Common mistakes when solving this problem

  1. Treating HOCl as a strong acid. If you assume full dissociation, you would get a wildly incorrect pH near 1 instead of 4.27.
  2. Using the wrong Ka or pKa. Small differences in reference values can slightly change the answer. Always use the value provided by your textbook, lab manual, or instructor if one is specified.
  3. Forgetting to convert pKa to Ka. The relationship is Ka = 10-pKa.
  4. Using Henderson-Hasselbalch directly on the initial solution. That equation is ideal for buffer ratios, but the direct weak-acid equilibrium approach is the right starting point for pure HOCl in water.
  5. Skipping the approximation check. The approximation is valid only when x is small relative to the starting concentration.

Approximation check: is the 5% rule satisfied?

The 5% rule says the approximation is usually acceptable when:

(x / C) × 100% < 5%

Here:

(5.43 × 10-5 / 0.1) × 100% = 0.054%

That is far below 5%, so the approximation is excellent. This is a useful test to include on homework, exams, and lab reports when showing that your simplifying assumption is justified.

Why this calculation matters in practice

Hypochlorous acid chemistry is important in sanitation and water systems because free available chlorine is not present as just one species.

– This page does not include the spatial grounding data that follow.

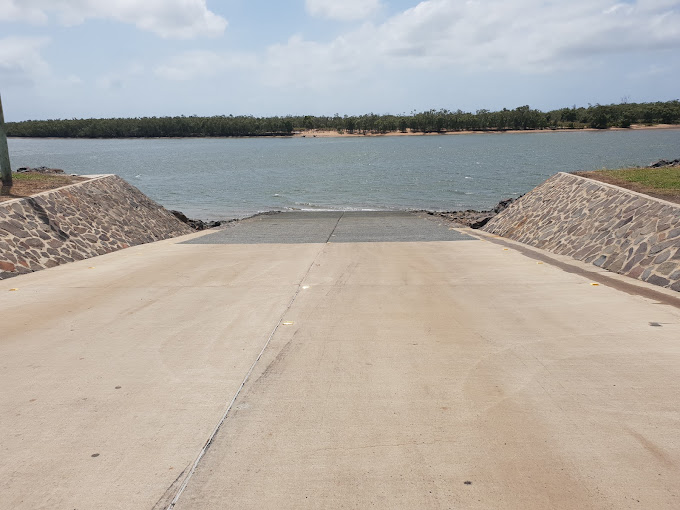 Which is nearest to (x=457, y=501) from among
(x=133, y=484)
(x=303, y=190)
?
(x=133, y=484)

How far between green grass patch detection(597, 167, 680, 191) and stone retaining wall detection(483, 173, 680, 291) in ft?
2.91

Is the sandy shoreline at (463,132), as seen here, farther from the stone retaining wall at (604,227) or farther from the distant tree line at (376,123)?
the stone retaining wall at (604,227)

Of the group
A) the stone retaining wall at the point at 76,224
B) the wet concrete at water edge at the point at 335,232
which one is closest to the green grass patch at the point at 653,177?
the wet concrete at water edge at the point at 335,232

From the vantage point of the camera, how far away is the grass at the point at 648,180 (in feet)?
38.4

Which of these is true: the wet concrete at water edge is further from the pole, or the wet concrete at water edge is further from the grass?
the pole

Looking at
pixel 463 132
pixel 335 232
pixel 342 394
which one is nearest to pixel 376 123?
pixel 463 132

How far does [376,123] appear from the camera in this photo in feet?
525

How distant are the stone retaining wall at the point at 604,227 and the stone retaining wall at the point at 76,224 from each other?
33.7 feet

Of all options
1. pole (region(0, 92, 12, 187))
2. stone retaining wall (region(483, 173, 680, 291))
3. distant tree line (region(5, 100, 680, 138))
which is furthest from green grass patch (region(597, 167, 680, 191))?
distant tree line (region(5, 100, 680, 138))

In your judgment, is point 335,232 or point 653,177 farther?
point 335,232

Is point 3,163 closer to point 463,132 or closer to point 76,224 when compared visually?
point 76,224

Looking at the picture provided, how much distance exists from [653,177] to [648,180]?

Its form depends strongly on pH. At lower pH values, more of the free chlorine exists as HOCl; at higher pH values, more exists as OCl. Since these species differ in reactivity and disinfecting behavior, understanding the acid-base equilibrium is essential for interpreting chlorine performance in pools, drinking water, surface disinfection, and process water systems.

That said, the question “calculate the pH of 0.1 M HOCl” is a pure equilibrium problem unless additional chemistry is specified. You do not need to model chlorine gas hydrolysis, ionic strength effects, or secondary side reactions unless your instructor or project specifically asks for them. In most educational settings, the weak-acid equilibrium calculation shown above is the expected approach.

Authoritative reference links

Final takeaway

If you need to calculate the pH of 0.1 M HOCl, the correct strategy is to use weak-acid equilibrium, not strong-acid assumptions. With a typical room-temperature value of pKa = 7.53 or Ka = 2.95 × 10-8, the dissociation is small, the equilibrium hydrogen ion concentration is approximately 5.43 × 10-5 M, and the resulting pH is about 4.27. That answer remains the standard benchmark for this chemistry problem.